Currently, the Mexican delegation claims that the US content for products manufactured in the State of Mexico is 40%. If the State of Mexico developed trade-friendly policies that applied favorable tax rates based upon US content, then further  tiered them for companies with lower US content, US leaders would view the gesture favorably and be forced to respond accordingly. For this scheme to work, however, Mexico should maintain a bi-lateral, transparent, third-party auditing process to ensure the policy is attracting the right kind of companies. At the end of the day, the same US companies who enjoy the maximum benefits will become the Mexican delegation’s greatest advocates in Washington. They will do a more effective job selling Mexico’s North American partnership to members of Congress and the American public than anyone else.

II. Open dialogue to develop trade policy between medical tourism in Mexico for US baby boomers in exchange for STEM education assistance for Mexican youth.
Just south of California, Tijuana has become the capital of the world for medical tourism with over 1 million annual visitors who generate over USD$1bn in economic benefits to the area. With the predicted shortage of doctors in the US, the retiring of 77 million baby boomers, and the introduction of Obama Care, the US may no longer have the manpower to take care of its aging population’s medical needs. Rather than leaving this situation to chance, US leaders would do well to help develop affordable pathways for the most common procedures by leveraging the abundance of Mexican doctors. Another potential idea would be to use approved Mexican medical procedural rates as a basis for insurance policy reimbursements, hence giving policyholders real options rather than just high deductibles.

In exchange for Mexico’s cooperation, the US can agree to help develop stronger STEM education curriculum (Science, Technology, Engineering, Mathematics) for its young adults who comprise over half of the Mexican population.

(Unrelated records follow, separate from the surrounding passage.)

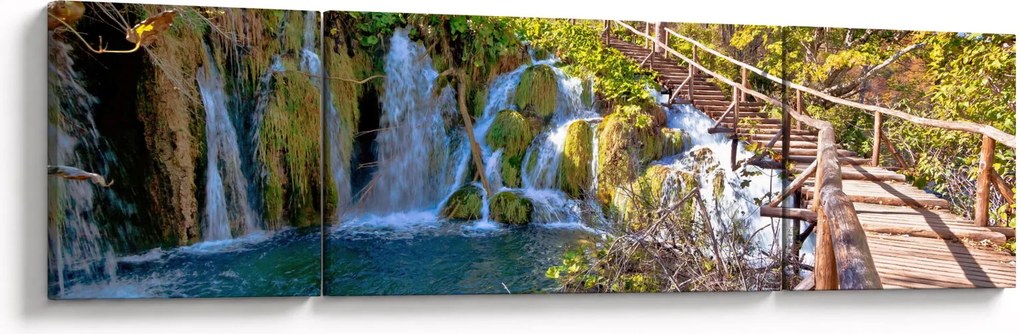 Obraz - Wejście na wodospady (170x50 cm)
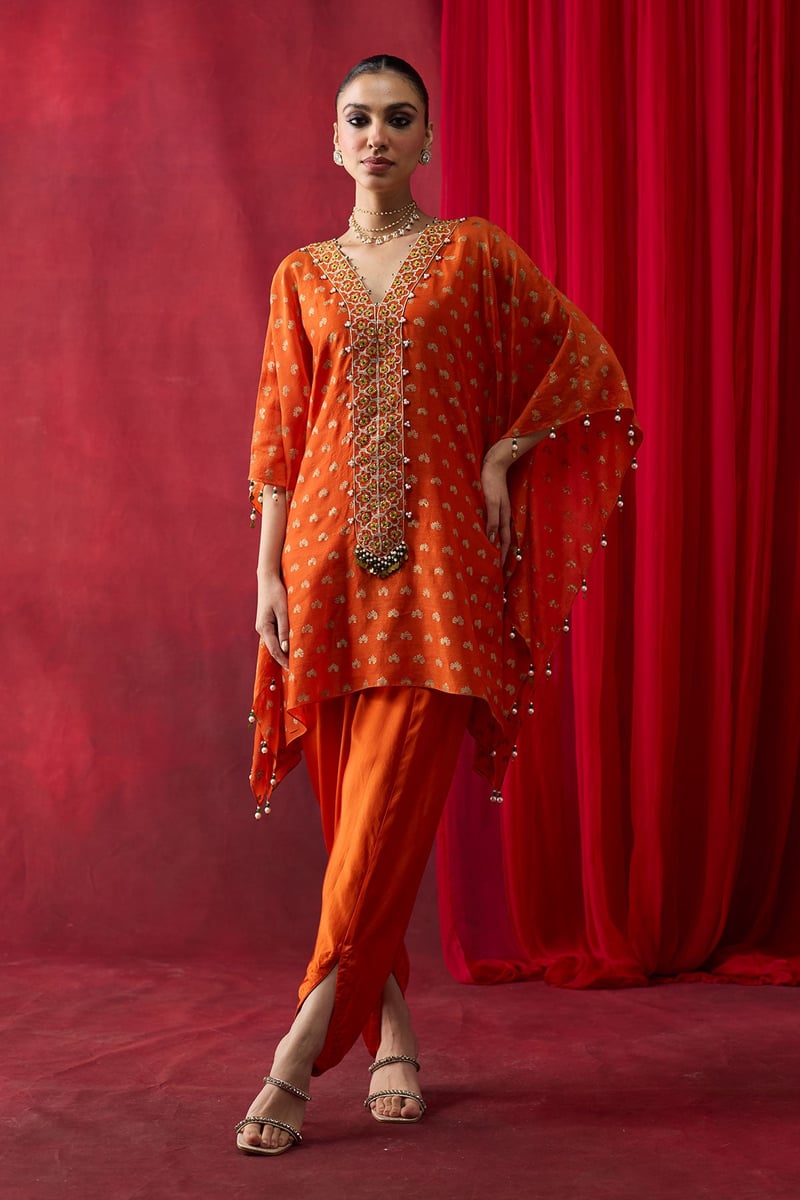 Orange Block Print Kaftan Top and Cowl Pants Co-ord Set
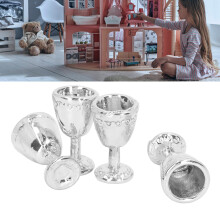 4 piezas de copas de champán en miniatura a escala 1:12 para casa de muñecas, plateadas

Clearly Mexico’s immediate needs lie in educating their youth to fill a growing demand for engineers, whose efforts in turn will also help fuel the US economy, especially if the US content of manufactured products remains around 40% as stated earlier in point number one.

III. Highlight the expected reduction in border crossings over the next 5 years  based on a trending reduction in fertility rates in Mexico and improvements in  job prospects for Mexican youth.
Data shared at the event claimed that by 2020, Mexico’s fertility rates will decline from 2.67 children per child-bearing mother today to 2.2, which is comparable to the US current rate of 2.06 and the ‘replacement level’ of 2.1. The Mexican delegation should circulate these findings along with studies highlighting the reduced need to protect the US border from future Mexican immigrants because there will be fewer interested candidates. The billions saved trying to protect 51 guard posts along the longest border in the world (2,000 miles) could be allocated elsewhere including for launching Mexico’s vision for NAFTA Version 2.0.